For 1958 all Chevrolets used an all-new, one-year-only bodyshell shared with Pontiac. It featured a low-slung, X-member frame containing all coil suspension, replacing the old leaf springs. Ads touted the beauty and the “low, thrusting silhouette” of the full-size models – up to 9 inches longer and 5 inches lower, on a 2.5-inch longer wheelbase than before. Impala interiors featured a competition-inspired steering wheel and color-keyed door panels with brushed aluminum trim.

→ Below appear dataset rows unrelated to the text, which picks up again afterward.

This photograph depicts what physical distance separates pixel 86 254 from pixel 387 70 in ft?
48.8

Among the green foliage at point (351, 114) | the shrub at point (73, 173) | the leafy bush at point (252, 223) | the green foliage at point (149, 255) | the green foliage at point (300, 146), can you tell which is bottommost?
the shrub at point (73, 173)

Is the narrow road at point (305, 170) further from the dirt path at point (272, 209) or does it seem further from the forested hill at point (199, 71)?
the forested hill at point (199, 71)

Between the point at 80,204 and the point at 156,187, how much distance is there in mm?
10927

Chevy introduced the 348-cu. in. “Turbo Thrust” engine for 1958. It was essentially the marque’s truck motor and Chevy’s second-generation V-8. It was called the “W” engine referring to the shape of its valve covers, and it eventually evolved into the legendary “409.” With tri-power or three two-barrel carburetors, 280 hp was on tap, proving that bigger was not only better, but also necessary in the escalating horsepower wars. Everything was so new that even the series designations were changed: Delray, Biscayne, Bel Air, and Impala. This worked as Chevrolet reclaimed the top spot in sales from Ford and captured 29.5 percent of the market for 1958. Despite its sales success, this was a one-year-only model as the 1959 models were all-new yet again.

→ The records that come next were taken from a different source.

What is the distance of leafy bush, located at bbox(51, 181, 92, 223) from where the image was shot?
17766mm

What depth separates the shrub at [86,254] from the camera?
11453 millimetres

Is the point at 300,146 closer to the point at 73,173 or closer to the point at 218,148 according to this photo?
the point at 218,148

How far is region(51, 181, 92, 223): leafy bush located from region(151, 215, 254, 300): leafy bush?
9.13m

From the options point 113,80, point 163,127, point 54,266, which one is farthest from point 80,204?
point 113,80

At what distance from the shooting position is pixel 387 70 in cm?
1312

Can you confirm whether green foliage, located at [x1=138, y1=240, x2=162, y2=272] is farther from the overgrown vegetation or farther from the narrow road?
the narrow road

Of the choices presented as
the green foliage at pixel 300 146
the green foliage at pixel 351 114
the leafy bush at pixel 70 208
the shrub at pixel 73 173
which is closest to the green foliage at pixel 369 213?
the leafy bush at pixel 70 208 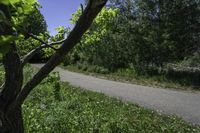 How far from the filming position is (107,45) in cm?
2986

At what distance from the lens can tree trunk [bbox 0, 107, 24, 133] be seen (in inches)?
88.5

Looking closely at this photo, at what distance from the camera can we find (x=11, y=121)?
92.1 inches

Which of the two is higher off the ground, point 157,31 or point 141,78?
point 157,31

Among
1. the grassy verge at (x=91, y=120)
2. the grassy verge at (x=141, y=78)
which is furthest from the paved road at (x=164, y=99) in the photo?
the grassy verge at (x=141, y=78)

Arguably one of the finest available, this spectacular Impala hails from a collection of meticulously prepared and maintained stable of automobiles that are of the highest standards. Part of the consignor’s collection since 2004, the California car has received a superb body-off restoration by J.R. Burkholder of Paradise, Pennsylvania, completed in 2008. It has always been stored in a climate-controlled environment. Attesting to the quality of the restoration, it received its AACA 1st Junior and Senior awards in 2008 and was a 2012 AACA National Award Winner, the James Melton Memorial Cup. It remains in meticulous and pampered condition to this day.

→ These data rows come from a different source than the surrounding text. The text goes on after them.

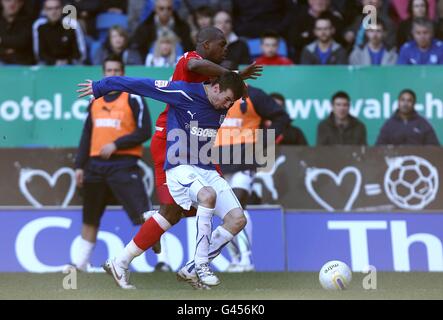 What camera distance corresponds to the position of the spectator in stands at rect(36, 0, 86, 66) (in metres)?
14.4

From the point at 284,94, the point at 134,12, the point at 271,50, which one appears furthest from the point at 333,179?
the point at 134,12

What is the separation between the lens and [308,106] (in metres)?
13.6

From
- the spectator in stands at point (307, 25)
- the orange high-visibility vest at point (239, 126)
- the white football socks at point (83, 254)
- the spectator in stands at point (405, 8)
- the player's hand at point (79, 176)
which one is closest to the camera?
the white football socks at point (83, 254)

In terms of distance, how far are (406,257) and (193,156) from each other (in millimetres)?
3446

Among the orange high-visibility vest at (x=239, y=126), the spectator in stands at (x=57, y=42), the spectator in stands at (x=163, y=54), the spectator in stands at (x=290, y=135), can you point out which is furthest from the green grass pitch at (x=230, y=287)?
the spectator in stands at (x=57, y=42)

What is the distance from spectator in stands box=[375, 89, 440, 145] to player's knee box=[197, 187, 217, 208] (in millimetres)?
4616

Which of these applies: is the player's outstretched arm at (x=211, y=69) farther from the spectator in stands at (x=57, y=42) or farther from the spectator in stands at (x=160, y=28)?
the spectator in stands at (x=57, y=42)

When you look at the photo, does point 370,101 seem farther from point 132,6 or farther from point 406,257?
point 132,6

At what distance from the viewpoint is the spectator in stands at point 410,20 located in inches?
577

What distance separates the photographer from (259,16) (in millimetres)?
15344

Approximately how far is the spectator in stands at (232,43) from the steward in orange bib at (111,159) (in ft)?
8.11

Matching its firewall trim tag, this Honey Beige example is loaded with accessories and is equipped with the highly desirable 348/280 “Tri-Power” V-8 with Turboglide transmission, and posi-traction rear axle. Options include power steering, brakes, windows, and seat; tinted glass; left and right outside rearview mirrors; day/night interior rearview mirror; dual rear antennas; Wonderbar AM radio with rear seat speaker, tissue dispenser; lighted ash tray, under dash courtesy, emergency brake, underhood, and trunk lights; along with the very rare NOS continental kit with lock, padded dash, and windshield washer. The correct jack and boot for the convertible top are also included.
If you are looking for the very best in Fifties Chevrolets, make no doubt about it—this is your car.